A schematic of the neural network is shown below:
The model is of the form shown below:
Note that even though the data generation used the drag and rolling resistance as inputs, the modeler would not have any information about the specific drag or the rolling resistance for any route to include them in the model. This is similar to most real-world situations, and we have designed this example to mimic the real-world use case as much as possible.
The model was trained on an Amazon EC2 g4dn.2xlarge Instance. For larger datasets and more complex models, the same code (aws-do-pm) can be deployed on larger, more powerful instances like P4d. The command for building an ANN model in aws-do-pm is shown below. The neural network model is built using the registered data represented by the data_id.
pm model build <data_id>
The model build performance plots from aws-do-pm are shown below. As seen in the plots, the model performs equally well on both training and test data. The loss-vs-Epochs plot shows that the model training error has reduced to a near minimum while keeping the validation error low. This is critical to make sure the model has not been over-fit. The actual-vs-predicted plots for both training and test datasets show that over the entire domain of 100 vehicles, the model performs adequately, with less than 5% maximum error.
A model built in the aws-do-pm framework is automatically registered. However, you can also register an external model in aws-do-pm framework as given below:
pm model register <folder_path> <rel_model_path> [‘description’]
<rel_model_path> represents the executable version of the model while the
<folder_path> contains all its dependencies.
After a model is built and registered, the model can be used to predict, on a registered dataset, using the following command
pm model predict <model_id> <data_id>
A sample prediction (trip voltage vs index), in normalized units, for one vehicle traveling over one route, along with the prediction uncertainty is shown below.
To run the examples in the third blog of this series, the models built here need to be retained. In such a case, the clean-up can be done after running the examples of the third blog. Otherwise, to free up the resources created by this example, follow the instructions provided here.

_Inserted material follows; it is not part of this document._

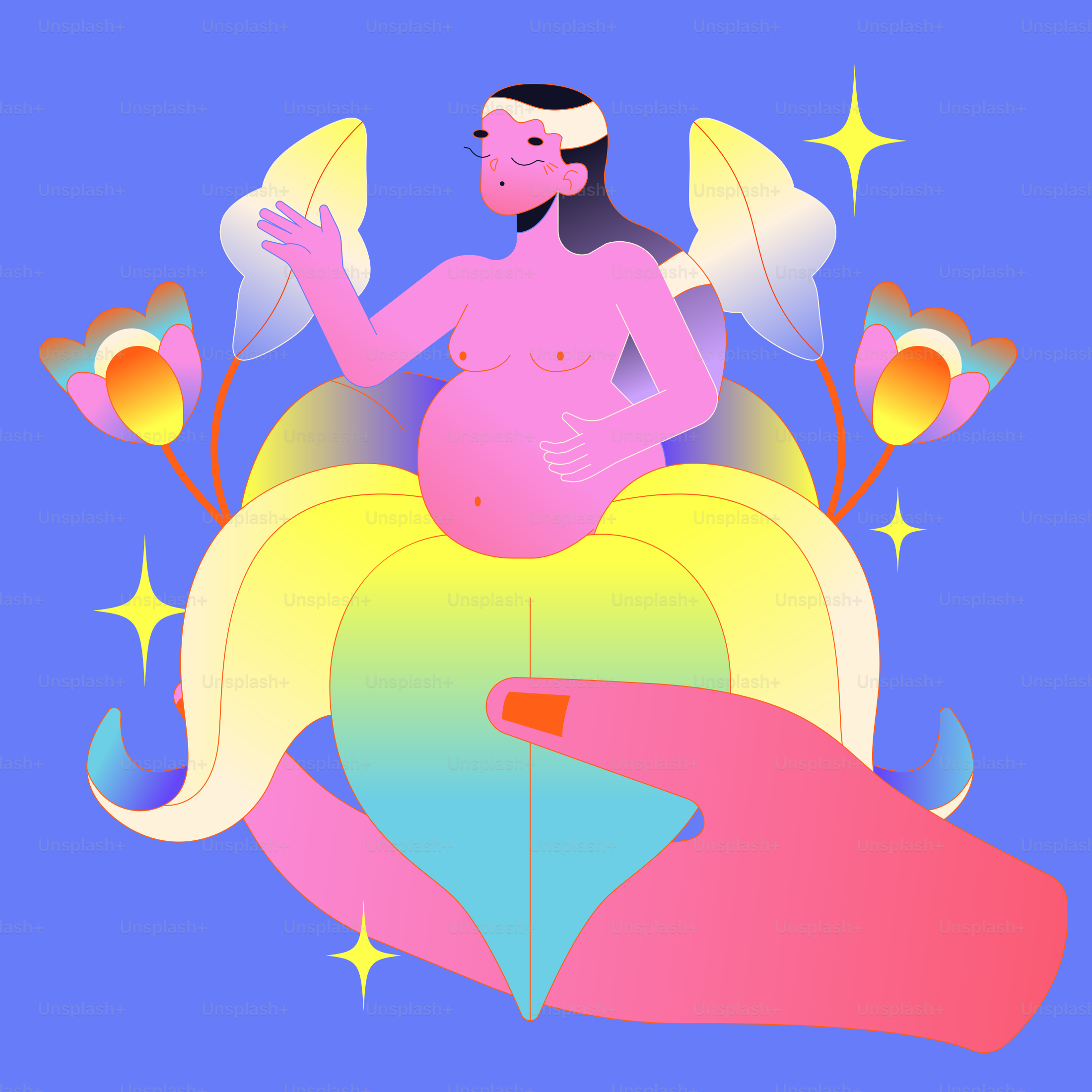 A hand is holding a pregnant woman's belly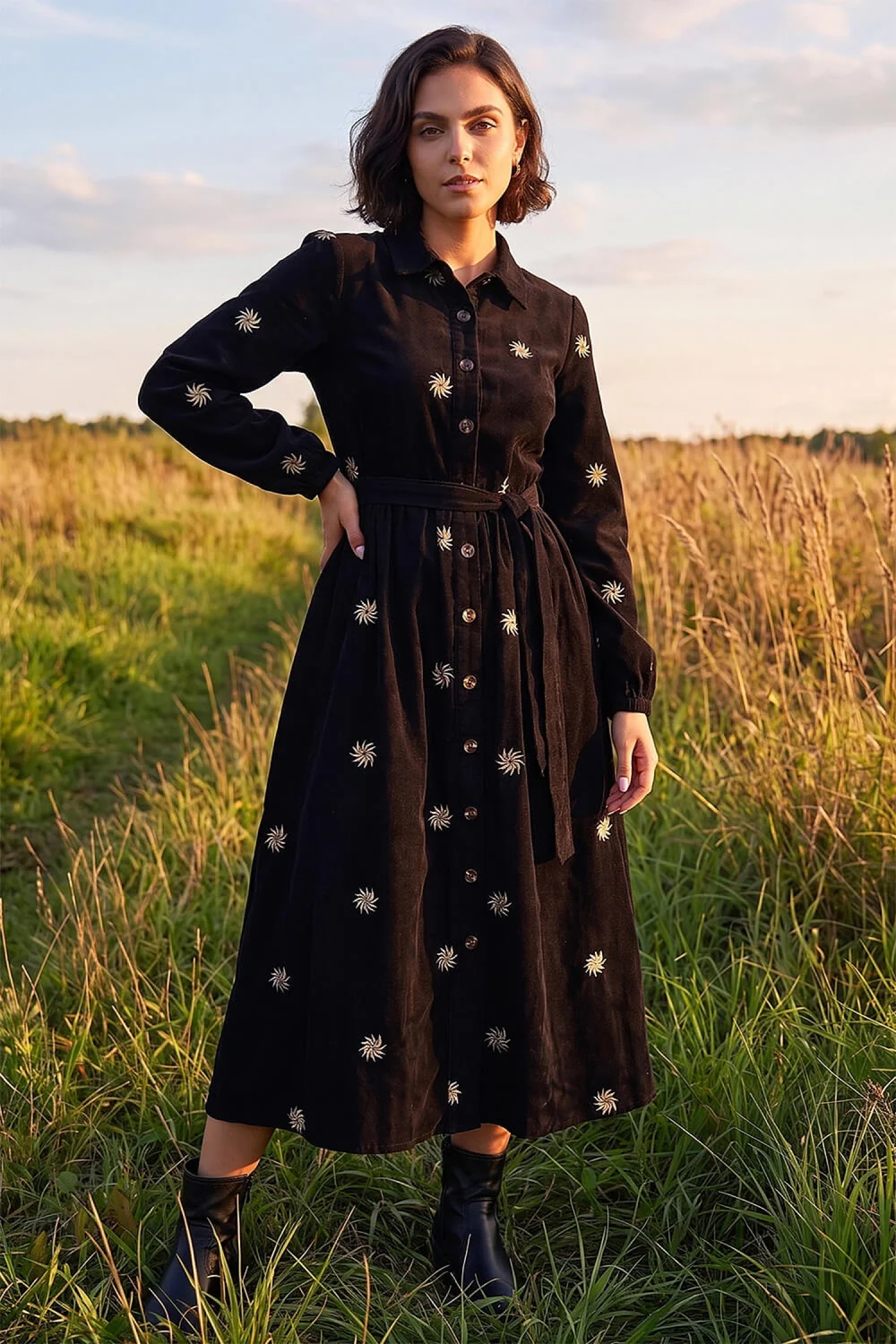 Roman Black Embroidered Cord Button Midi Dress - 18 Image 2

In this blog, we have introduced how to use the aws-do-pm framework for predictive modeling at scale. We demonstrated the scalability of the framework using a battery discharge model of an electric vehicle. The electric vehicle demo included synthetic data generation, model building and predicting with built model. In the next blog, we will use this dataset and models as the basis to showcase the model updating and sensitivity analysis capabilities of the aws-do-pm framework.